7. Every assignment and exam question has to be test-driven
Yes thats where we come in again as developers. We must simulate the examination candidate role just as carefully as the learner role.
8. So you never realized it would take this much work!
The course may take as many as five drafts, and we want you involved all the way. Once its published, it can be too late to correct. We want to ensure its right first time and "no phone-ins" about errors or ambiguities.
9. Why the fuss about timelines?
We are a publishing house, and our customers are our students. The final date on our timelines is the final date for all of us. If a course writer is late, it means that theres less time for review, editing, and the quality control that will make your courses successful.
10. It takes a village.
Yes, you are the content expert, but you will work in a team with an editor, an instructional designer, and a web expert.
Critical design elements
Although there are now even on-campus students who prefer to be "distance learners," the majority of our students are still typically mature adults with full-time jobs. Certainly this is the profile of the CGA student.
Consequently, our DE courses must provide students with:
Access to resource materials, preferably at their fingertips. A means to develop their own Internet research skills.
Timely feedback on progress through the course.
A channel to work with an instructor/coach/subject matter expert and solve study problems.
Online access to administration, registration, and all types of "registrar" services
A method to work and communicate with other distance learners and tutors.

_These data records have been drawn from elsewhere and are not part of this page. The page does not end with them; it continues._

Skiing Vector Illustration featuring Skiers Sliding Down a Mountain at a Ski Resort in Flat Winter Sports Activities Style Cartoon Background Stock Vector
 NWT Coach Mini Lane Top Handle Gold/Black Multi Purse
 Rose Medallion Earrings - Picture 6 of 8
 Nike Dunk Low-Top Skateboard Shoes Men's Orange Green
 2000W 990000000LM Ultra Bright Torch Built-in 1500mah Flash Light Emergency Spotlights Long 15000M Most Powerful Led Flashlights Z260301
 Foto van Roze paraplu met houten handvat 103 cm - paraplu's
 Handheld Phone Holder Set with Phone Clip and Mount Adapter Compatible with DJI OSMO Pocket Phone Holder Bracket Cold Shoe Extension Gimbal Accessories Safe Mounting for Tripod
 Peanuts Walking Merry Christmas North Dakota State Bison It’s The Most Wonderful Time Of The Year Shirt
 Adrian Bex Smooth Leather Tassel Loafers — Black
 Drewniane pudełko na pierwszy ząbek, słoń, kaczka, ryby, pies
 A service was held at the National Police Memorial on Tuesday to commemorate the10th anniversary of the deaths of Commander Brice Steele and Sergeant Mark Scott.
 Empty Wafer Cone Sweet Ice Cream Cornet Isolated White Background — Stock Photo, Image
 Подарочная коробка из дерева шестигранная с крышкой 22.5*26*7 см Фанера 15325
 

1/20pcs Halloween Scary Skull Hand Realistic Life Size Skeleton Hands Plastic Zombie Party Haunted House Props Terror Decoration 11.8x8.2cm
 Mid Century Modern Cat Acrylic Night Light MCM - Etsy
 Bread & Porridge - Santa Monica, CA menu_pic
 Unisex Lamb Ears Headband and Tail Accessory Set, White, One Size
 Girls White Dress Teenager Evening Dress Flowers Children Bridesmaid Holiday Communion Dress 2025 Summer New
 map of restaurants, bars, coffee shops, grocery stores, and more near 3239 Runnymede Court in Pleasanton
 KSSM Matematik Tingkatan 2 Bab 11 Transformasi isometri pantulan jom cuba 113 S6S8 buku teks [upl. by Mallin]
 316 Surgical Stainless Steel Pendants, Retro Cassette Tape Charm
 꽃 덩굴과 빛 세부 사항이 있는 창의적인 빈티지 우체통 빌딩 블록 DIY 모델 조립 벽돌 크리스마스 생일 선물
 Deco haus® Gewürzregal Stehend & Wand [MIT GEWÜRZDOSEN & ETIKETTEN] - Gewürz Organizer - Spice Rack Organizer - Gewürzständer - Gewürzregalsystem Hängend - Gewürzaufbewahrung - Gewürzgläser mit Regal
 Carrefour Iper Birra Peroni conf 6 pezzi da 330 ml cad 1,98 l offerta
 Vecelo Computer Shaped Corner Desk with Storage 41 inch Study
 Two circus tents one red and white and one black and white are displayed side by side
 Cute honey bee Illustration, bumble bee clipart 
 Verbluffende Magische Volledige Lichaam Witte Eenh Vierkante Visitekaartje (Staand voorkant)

Education providers have different targets and timelines for achieving their online plan for course delivery. The CGA goal is to deliver as complete a model online as Internet access becomes faster, easier, more universal, and less expensive for the learner. In the interim, we are continuing to use a blend of Internet access, material on CD, and print textbooks.
Planning for the future
In the world of the microchip, the future is now and the planning is relentlessly short-term. The CGA slope of progress is illuminating. Take a look at our record and compare your own. For the first thirty years of the CGA "correspondence" program up to 1986, there were no changes to the model of printed course materials and students sending assignments by postal service. In 1986, CGA made computer access a requirement and integrated the hands-on use of computers across the program. It then still took another ten years till we could replace snail-mail with e-mail. Students cheered as they started to get their work marked in one week instead of three. The pace of change accelerated. Only one year later, the Internet CD model was launched across the curriculum: students had entered the world of Online Learning. The year 2000 prototype course to be demonstrated at CADE this year was designed, tested, and implemented in the space of about six months!
So much for extended planning horizons. As we return to our offices from Quebec, expect to see on your e-mail a message titled something like "Planning for New Online Delivery Model Due August 1 First Meeting July 10."